In a recent landmark privacy case, the Full Federal Court dismissed Facebook’s claim that it is not subject to Australian privacy laws because it does not “carry on a business in Australia”.
The Office of the Australian Information Commissioner (OAIC) commenced proceedings in 2020 against Facebook (now Meta) over the Cambridge Analytica scandal. The OAIC argued that Facebook Inc and Facebook Ireland Limited breached the privacy of over 300,000 Australian Facebook users, contravening the Australian Privacy Act 1988 (Cth) (Privacy Act). OAIC alleged that Facebook contravened section 13G of the Privacy Act by committing acts that were a serious or repeated interference with privacy. It did this by handing over the personal information of users of the ‘This is Your Digital Life’ app, to Cambridge Analytica for voter analysis purposes. Only 53 Australian Facebook users installed the app, however Facebook accessed the personal information of over 310,000 Australians who did not consent to information-sharing.

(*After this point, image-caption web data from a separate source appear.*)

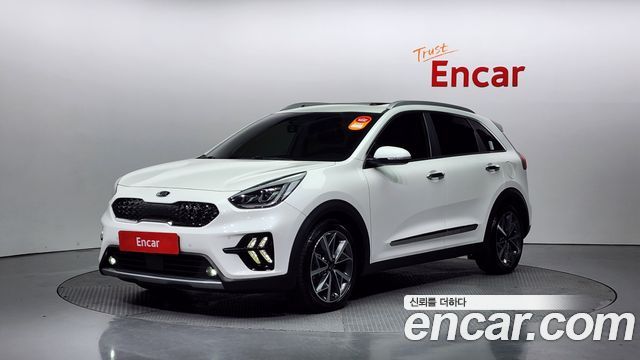 Kia Niro 1.6 HEV 2020 года из Кореи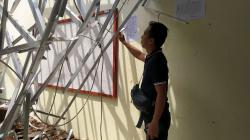 Atap Sekolah SMPN 2 Greged Cirebon Ambruk, 2 Ruang Rusak dan 6 Siswa Luka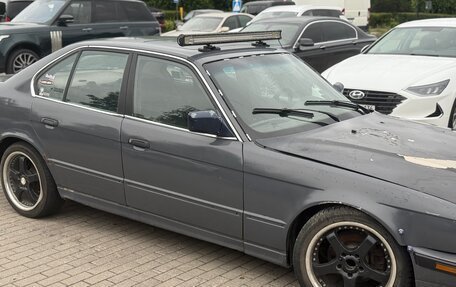 BMW 5 серия, 1989 год, 450 000 рублей, 3 фотография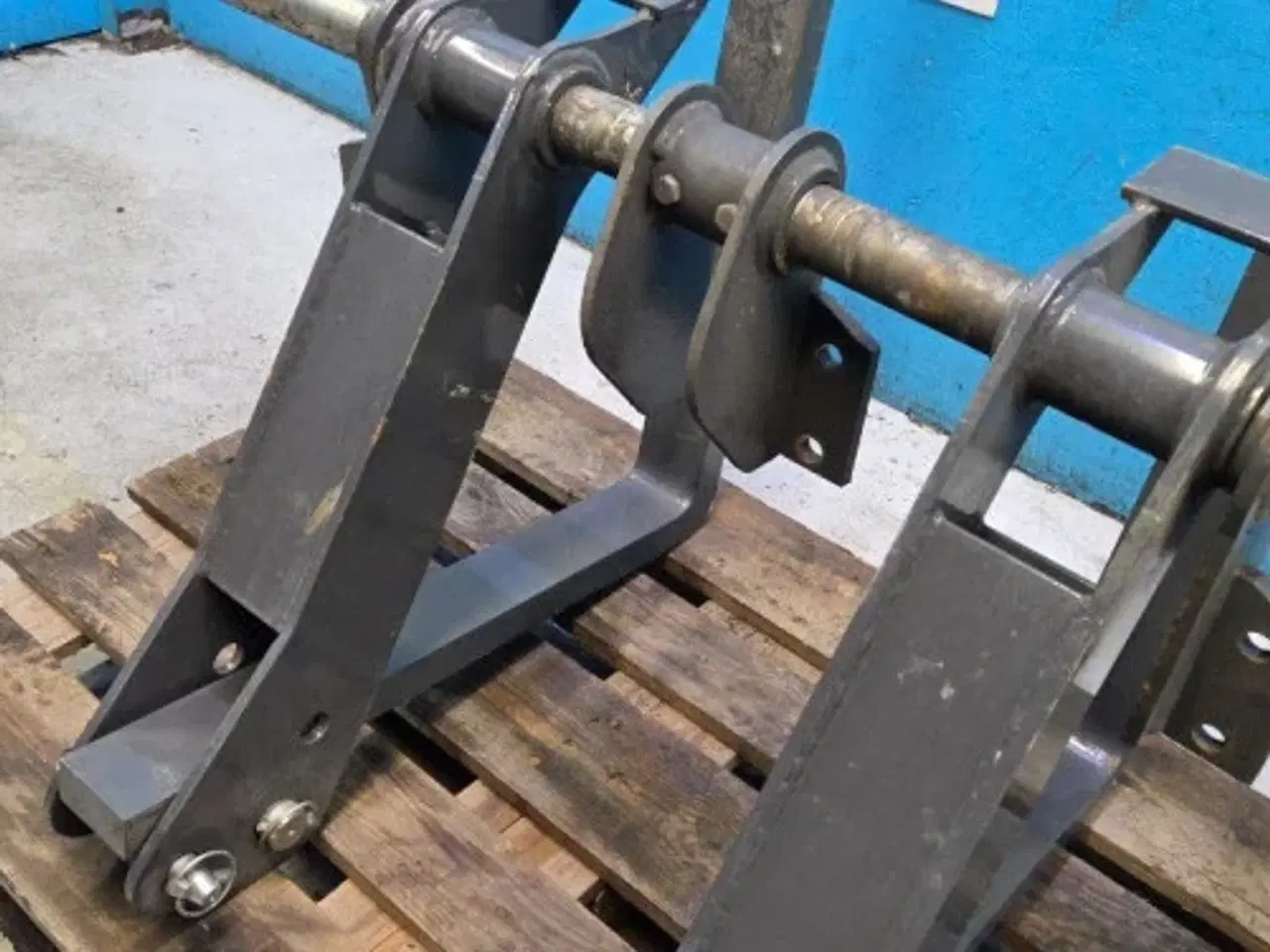 Billede 11 - New Holland B115C Pallegafler Kit 87310367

Therefore, Facebook is bound by Australian privacy laws, and the OAIC is entitled to proceed with their case and serve initiating court documents on Facebook. Australian Information Commissioner Angelene Falk welcomed this decision, stating that the OAIC would ‘continue to move forward with the case and looked forward to the hearing of substantive matters.’

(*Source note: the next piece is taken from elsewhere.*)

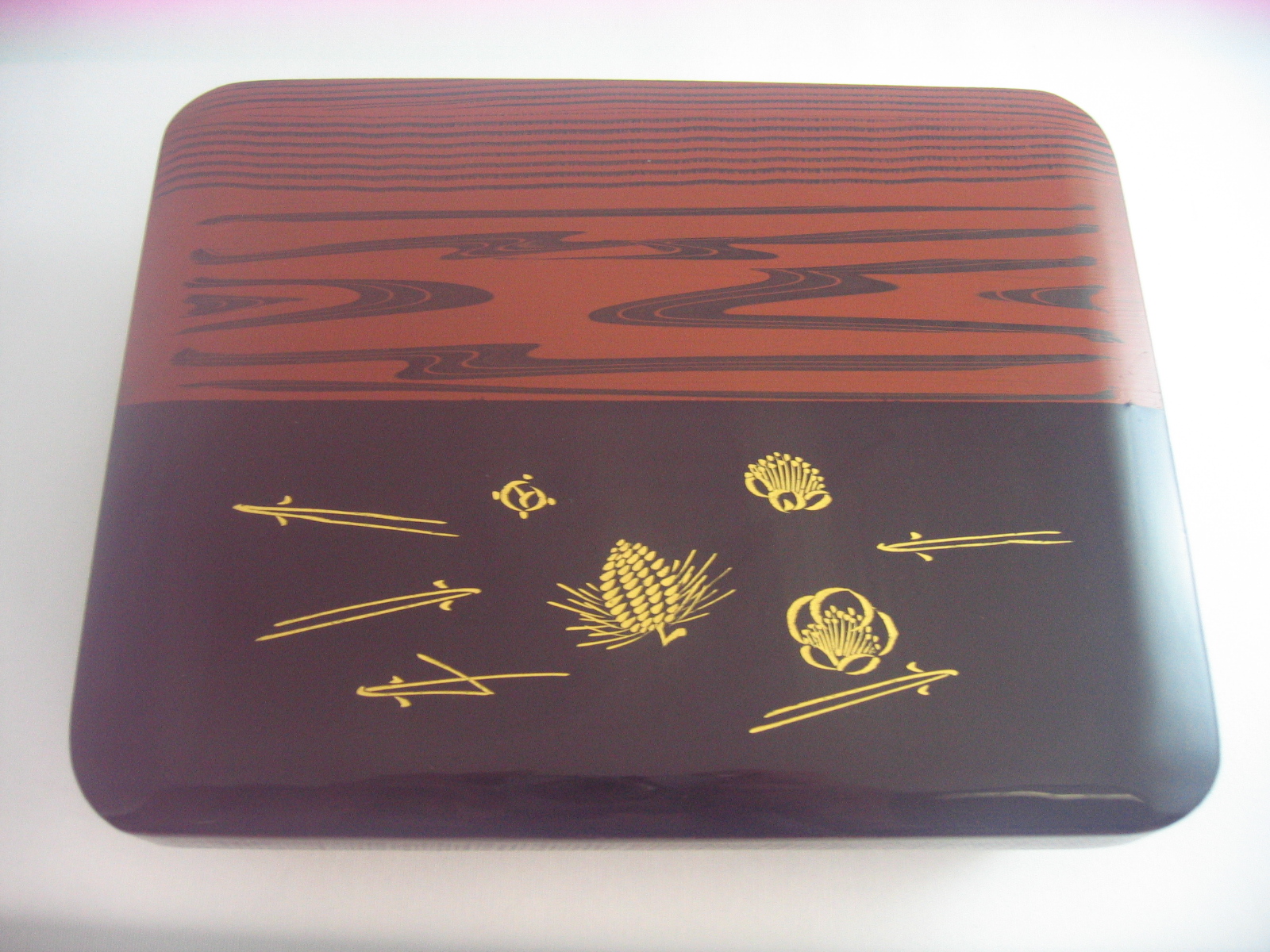 木製う平漆塗 半木目松笠沈金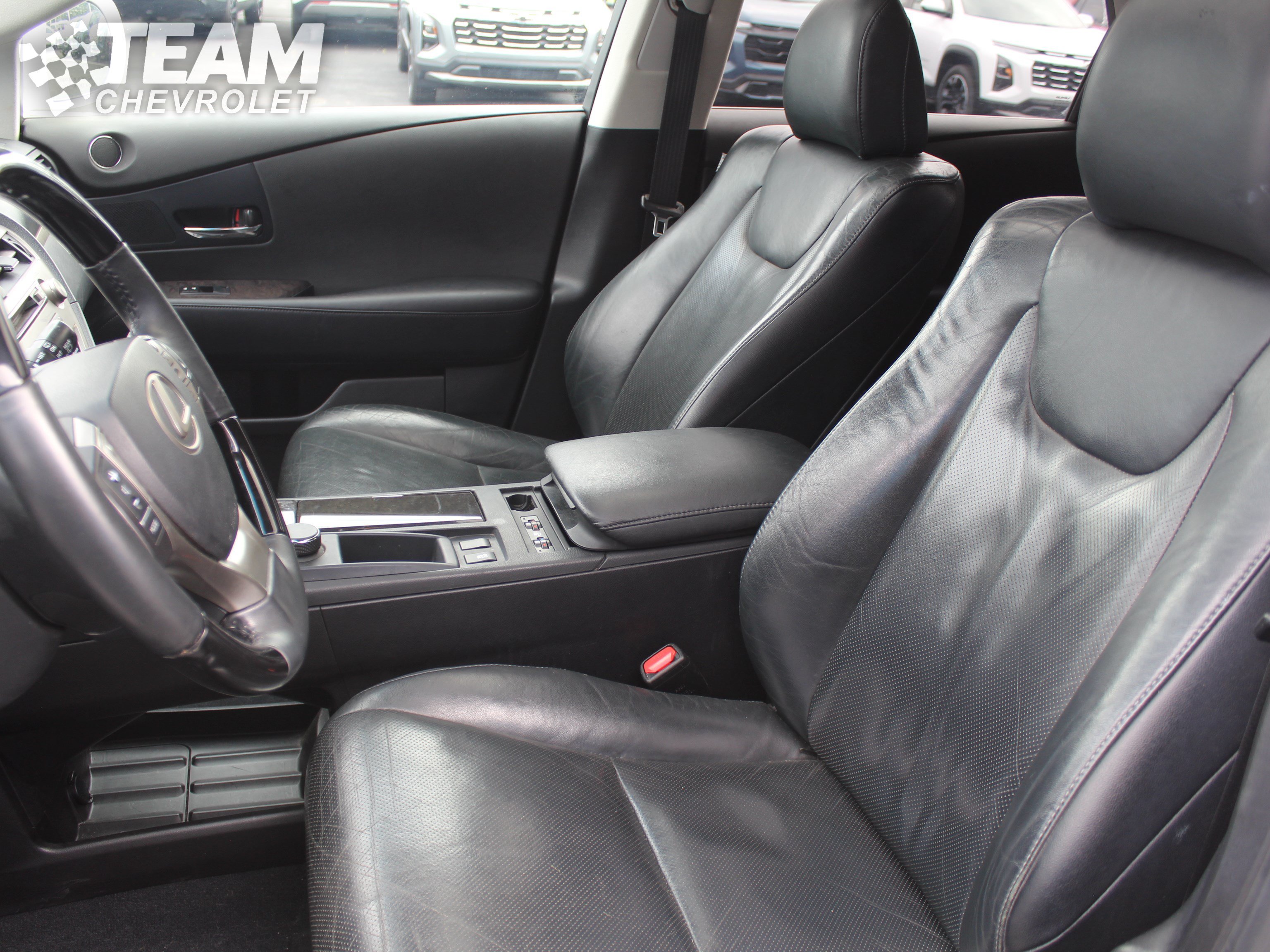 Used 2015 White Lexus  image 12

What impact will this case have?
This decision provides helpful guidance on the Privacy Act’s extraterritorial application. It will have a big impact on other large international corporations who currently do not think that they fall under Australia’s jurisdiction.
Facebook had tried to argue to the Full Federal Court that a finding that it was conducting business in Australia would open the floodgates for any international business with a website accessible from Australia. Perram J noted this argument was ‘very much overstated’, however it is true that international organisations may now be caught by Australian privacy laws.

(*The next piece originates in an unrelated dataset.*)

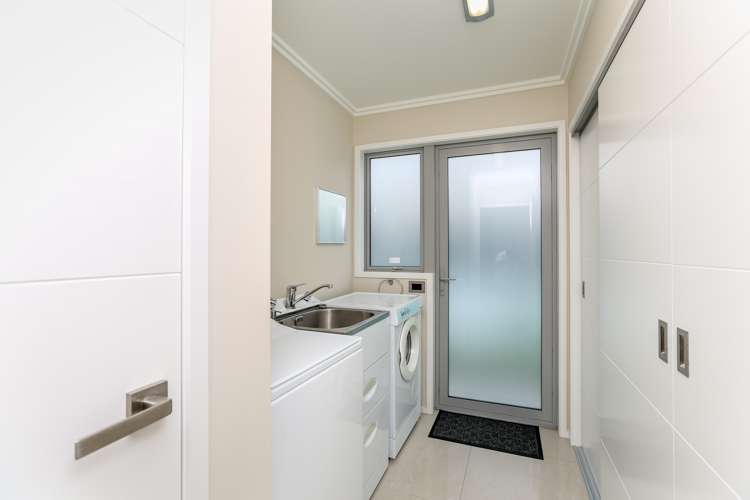 2 Cutfield Road New Plymouth Central_13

It is not difficult to demonstrate that an organisation that uses digital activities is ‘carrying on’ business in Australia, especially as the installation of cookies on Australian devices meets the threshold of doing business in Australia. Therefore, international businesses should consider whether they are complying with Australian privacy laws, even when they do not have a physical presence in Australia or do not directly engage with or sell goods or services to individuals located in Australia.